Advanced topics

Paperless offers a couple features that automate certain tasks and make your life easier.

Guesswork

Any document you put into the consumption directory will be consumed, but if you name the file right, it’ll automatically set some values in the database for you. This is is the logic the consumer follows:

  1. Try to find the correspondent, title, and tags in the file name following the pattern: Date - Correspondent - Title - tag,tag,tag.pdf. Note that the format of the date is rigidly defined as YYYYMMDDHHMMSSZ or YYYYMMDDZ. The Z refers “Zulu time” AKA “UTC”. The tags are optional, so the format Date - Correspondent - Title.pdf works as well.

  2. If that doesn’t work, we skip the date and try this pattern: Correspondent - Title - tag,tag,tag.pdf.

  3. If that doesn’t work, we try to find the correspondent and title in the file name following the pattern: Correspondent - Title.pdf.

  4. If that doesn’t work, just assume that the name of the file is the title.

So given the above, the following examples would work as you’d expect:

  • 20150314000700Z - Some Company Name - Invoice 2016-01-01 - money,invoices.pdf

  • 20150314Z - Some Company Name - Invoice 2016-01-01 - money,invoices.pdf

  • Some Company Name - Invoice 2016-01-01 - money,invoices.pdf

  • Another Company - Letter of Reference.jpg

  • Dad's Recipe for Pancakes.png

These however wouldn’t work:

  • 2015-03-14 00:07:00 UTC - Some Company Name, Invoice 2016-01-01, money, invoices.pdf

  • 2015-03-14 - Some Company Name, Invoice 2016-01-01, money, invoices.pdf

  • Some Company Name, Invoice 2016-01-01, money, invoices.pdf

  • Another Company- Letter of Reference.jpg

Do I have to be so strict about naming?

Rather than using the strict document naming rules, one can also set the option PAPERLESS_FILENAME_DATE_ORDER in paperless.conf to any date order that is accepted by dateparser. Doing so will cause paperless to default to any date format that is found in the title, instead of a date pulled from the document’s text, without requiring the strict formatting of the document filename as described above.

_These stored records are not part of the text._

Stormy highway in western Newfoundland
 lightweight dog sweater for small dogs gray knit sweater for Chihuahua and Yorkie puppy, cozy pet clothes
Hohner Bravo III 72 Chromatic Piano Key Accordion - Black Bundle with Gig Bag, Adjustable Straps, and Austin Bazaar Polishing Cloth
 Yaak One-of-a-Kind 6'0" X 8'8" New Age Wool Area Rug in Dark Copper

Transforming filenames for parsing

Some devices can’t produce filenames that can be parsed by the default parser. By configuring the option PAPERLESS_FILENAME_PARSE_TRANSFORMS in paperless.conf one can add transformations that are applied to the filename before it’s parsed.

The option contains a list of dictionaries of regular expressions (key: pattern) and replacements (key: repl) in JSON format, which are applied in order by passing them to re.subn. Transformation stops after the first match, so at most one transformation is applied. The general syntax is

[{"pattern":"pattern1", "repl":"repl1"}, {"pattern":"pattern2", "repl":"repl2"}, ..., {"pattern":"patternN", "repl":"replN"}]

The example below is for a Brother ADS-2400N, a scanner that allows different names to different hardware buttons (useful for handling multiple entities in one instance), but insists on adding _<count> to the filename.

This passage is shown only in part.